Under the circumstances of the case at bar, the appellants were tried and convicted of multiple crimes with multiple grades; theft of property, a felony of the second degree, and criminal facilitation, a felony of the third degree or first degree misdemeanor. The question that arises in this case is whether a judge acts within the law by summing up the maximum prison terms of the crimes. In other words, did the judge act in accordance with law when he imposed five (5) year period of imprisonment for theft of property, a felony of the second degree and one (1) year additional jail term, for criminal facilitation, a misdemeanor of the first degree? Our answer to this question is a resounding negative. This Court adopted the “merger principle” enunciated by this Court far back in 1874. Vide: II A.D.H. 946; U.S. v. Rindskopf, 6 Bissel 259 (W.D. Wis. 1874). The basic concept of this principle is that where one is convicted of more than one offense, the smaller offense is merged in the greater offense; however, acquittal of a party of the greater offense does not bar the State from indicting the party for the lesser offense. This is the way the Supreme Court of Liberia articulated the principle in the case, Dennis versus Republic, 3 LLR 105, 110 (1929).
“…it is undoubtedly true that the appellant received a large amount of the bill by false pretenses which is a misdemeanor, the latter offense is merged in the felony….however …the acquittal of the latter is no bar to an indictment for the former.
This is the applicable principle of law where a party defendant is adjudged guilty of multiple crimes. Consonant herewith, it is clear that Judge Dixon was without the pale of the law when he sentenced the herein appellants to six (6) year prison term for theft of property and criminal facilitation. In keeping with the principle extant, theft of property as felony of the second degree, a greater offense, fuses with criminal facilitation, misdemeanor of the first degree and therefore a lesser offense. In this case, it was within the proper exercise of Judge Dixon’s judicial discretion to impose the maximum prison term of five (5) years on the guilty defendants for the greater offense of theft of property, a felony of the second degree. We therefore reverse Judge Dixon in respect to the sentence imposed.
It should also be remembered that the matter on appeal has lingered in the corridors of the Temple of Justice for a period of over ten (10) years leading to a criminal conviction. During this lingering period, it would appear that restitution of some of the amounts payable by the appellants have been made. As we understand it, payments made by the appellants include cash repayment as well as rental proceeds receivable from the building/s at the center of these appeal proceedings. In the interest of justice, and to ensure just calculations of all the amounts restituted as well as for a fair and just imposition of a jail term, we are remanding this case to the court below for sentencing hearing, consistent with practice and procedure in this jurisdiction.

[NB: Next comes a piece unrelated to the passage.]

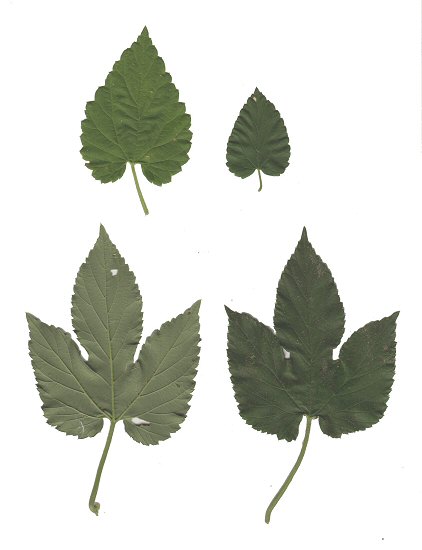 Humulus_lupulus_leaves.jpg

WHEREFORE, and in view of the foregoing, the judgment entered by the trial judge is hereby confirmed with the modifications as herein detailed. The Clerk of this Court is ordered to send a mandate to the judge presiding in the court below to resume jurisdiction over this case and give the effect to this Judgment and within thirty (30) days as of receipt of this mandate, file returns to this Court informing us as to the manner of execution. AND IT IS HEREBY SO ORDERED.